= Beginning of Section =

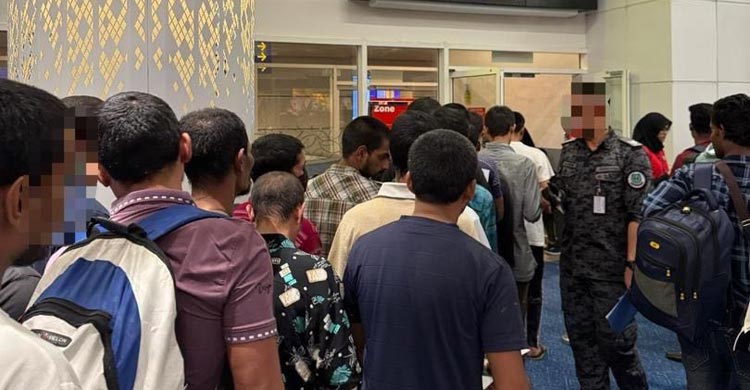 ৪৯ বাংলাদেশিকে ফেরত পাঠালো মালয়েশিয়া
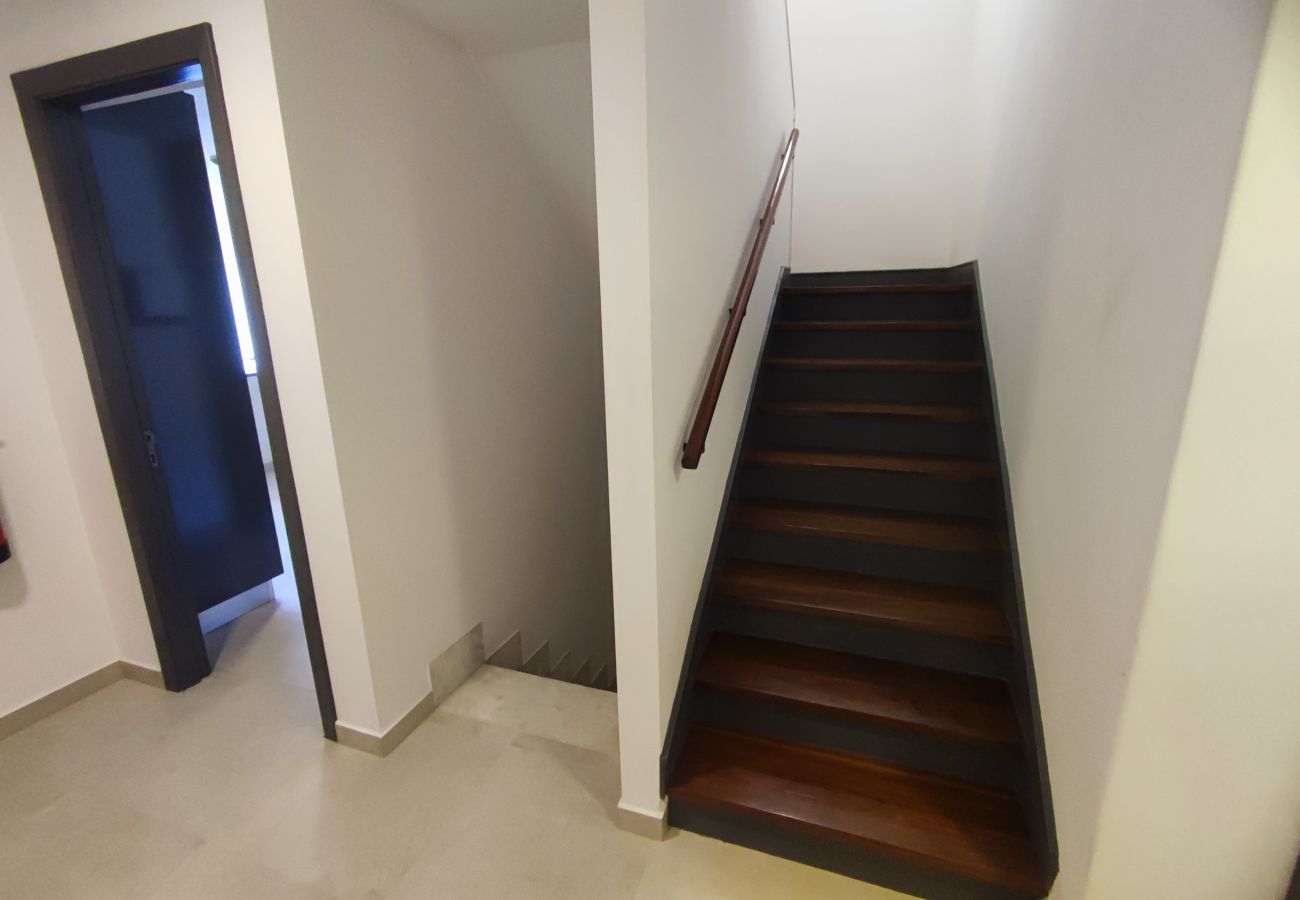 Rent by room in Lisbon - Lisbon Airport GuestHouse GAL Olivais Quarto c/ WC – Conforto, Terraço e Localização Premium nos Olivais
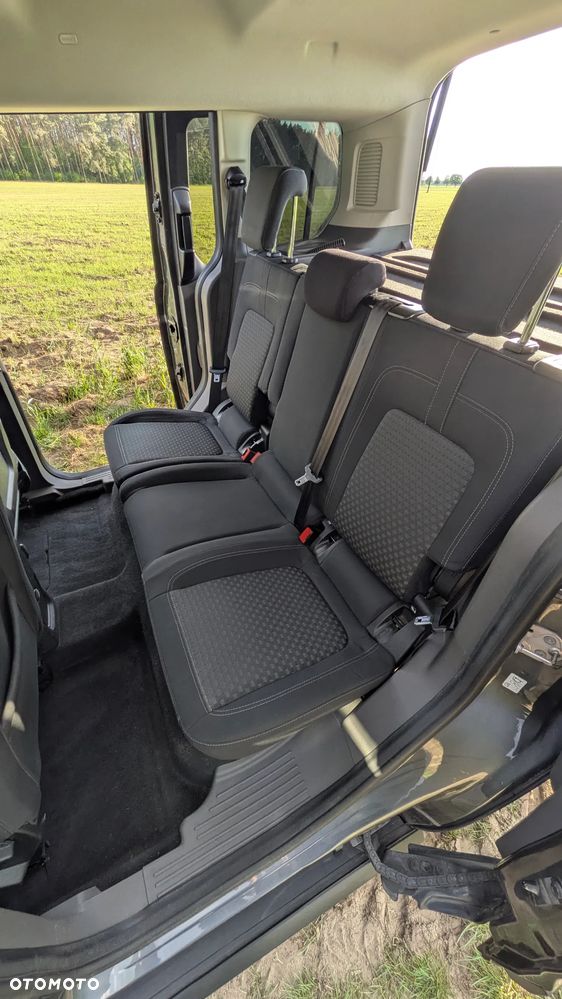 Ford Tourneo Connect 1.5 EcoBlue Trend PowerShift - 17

= End of Section =

__INSTRUCTIONS TO FOLLOW__. Only the lines from the one containing "Rent by room" through the final line of the listing should be reproduced, exactly and with no pictures.

__SOLUTION FOR THIS TASK__.
 Rent by room in Lisbon - Lisbon Airport GuestHouse GAL Olivais Quarto c/ WC – Conforto, Terraço e Localização Premium nos Olivais
 Ford Tourneo Connect 1.5 EcoBlue Trend PowerShift - 17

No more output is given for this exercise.